The Frick Collection announced this week that it will be reopening to the public in April 2025 following a long-awaited renovation by Selldorf Architects. The Frick Collection is a jewel box of New York City’s museum lineup, sited on the Fifth Avenue “Museum Mile” and comprising a stately 19th-century Italianate mansion and gardens. The renovation has been years in the making, as Selldorf Architects navigated a stringent landmark process owing to the architectural and cultural importance of the museum. In the meantime, the collection has been on view at the Frick Madison, within the former Met Breuer building.
The Frick mansion was the residence of the Frick industrialist family before it was inaugurated as a museum in 1935. Visitors are able to see a classical canon of painters from Vermeer to Goya and Titian, all in period-specific galleries that display the opulence of turn-of-the-century New York.

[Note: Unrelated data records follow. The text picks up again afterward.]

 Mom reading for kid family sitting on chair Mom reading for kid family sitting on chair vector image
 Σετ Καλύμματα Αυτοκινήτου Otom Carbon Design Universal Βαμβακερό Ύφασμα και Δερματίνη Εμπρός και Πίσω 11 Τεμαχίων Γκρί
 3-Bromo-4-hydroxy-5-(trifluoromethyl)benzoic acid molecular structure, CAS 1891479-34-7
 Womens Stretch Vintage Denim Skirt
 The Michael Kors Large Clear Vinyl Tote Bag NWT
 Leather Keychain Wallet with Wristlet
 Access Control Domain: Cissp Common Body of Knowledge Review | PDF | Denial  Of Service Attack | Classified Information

Yet the museum, being first a residence, was never the most natural fit for a museum of the popularity and caliber it commanded. Selldorf’s renovation of the institution to restore, retrofit, and expand its interiors first began in 2016, making this project nearly a decade in the making.
While early schemes first did away with the Frick’s only on-site green space, the garden court, preservation appeals and public outcry resulted in a new scheme that maintains that space and instead spreads new gallery and admin spaces into a new “tower” that rises a few floors above the original Frick structure. Its materiality is consistent with the mansion, yet it shows contemporary restraint in its lack of decoration and fenestration. The new building is shorter toward the Fifth Avenue elevation and gradually steps up toward the back of the lot. A glazed middle section bisects the new massing, opening it up for more views and light.

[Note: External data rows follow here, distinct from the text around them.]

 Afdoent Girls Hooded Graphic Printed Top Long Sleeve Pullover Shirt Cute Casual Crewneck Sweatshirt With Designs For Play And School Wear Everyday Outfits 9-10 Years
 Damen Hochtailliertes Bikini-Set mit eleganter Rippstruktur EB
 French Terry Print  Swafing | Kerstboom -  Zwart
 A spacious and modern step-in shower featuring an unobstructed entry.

Upgrades to expect in the original architecture by April 2025 include newly revamped gallery finishes and circulation, including a new layout for the entrance hall; expanded galleries in a new ground-up addition adjacent to the garden courtyard; and perhaps most notably, second-floor access. The upper level of the museum was first the private quarters of the Frick family and then administrative offices since 1935. For the first time now, these rooms are reimagined into gallery spaces and open to all visitors via the opulent grand stair. Curators have heightened this more intimate upper-level experience by choosing to display the personal collections and favorites of each member of the family in their respective living quarters. For example, the much-anticipated “Boucher Room” will be relocated from its first-floor viewing area to its original setting upstairs in the former private sitting room of the founder’s wife, Adelaide Childs Frick.
Ian Wardropper, the Frick’s outgoing Anna-Maria and Stephen Kellen Director, commented on his excitement to bring back “such a unique museum within the cultural landscape of New York City.” He continued that “the intimate encounters with art offered by our historic galleries, along with new spaces transformed from former domestic interiors, remain a cornerstone of the Frick experience.”
The Frick Collection will welcome visitors back in April 2025 with a suite of opening programs including rare works on paper visible in its new Cabinet Gallery on the first floor: within these protected boxes, sketches and ephemera by artists like Degas, Goya, Ingres, Rubens, and Whistler will be on view despite their notorious sensitivity to light. Directly referencing the institution’s opening in 1935, a special installation of ceramic floral sculptures by Ukrainian artist Vladimir Kanevsky will also be on display: His glazed arrangements recall the famously ebullient fresh bouquets that adorned the mansion upon its first opening. These will be on display for six months from the April opening. A new Vermeer exhibition as well as a full suite of musical performances are also scheduled to mark the debut of the new 220-seat Stephen A. Schwarzman Auditorium, designed by Selldorf Architects.
“The Frick’s reopening is an invitation to all New Yorkers and art lovers from around the world to discover—or rediscover—incredible works of art from our permanent collection,” said Elizabeth M. Eveillard, chair of the Frick’s board of trustees, in a statement. “Following this long-awaited unveiling, we look forward to giving our audiences the opportunity to experience several newly constructed spaces.”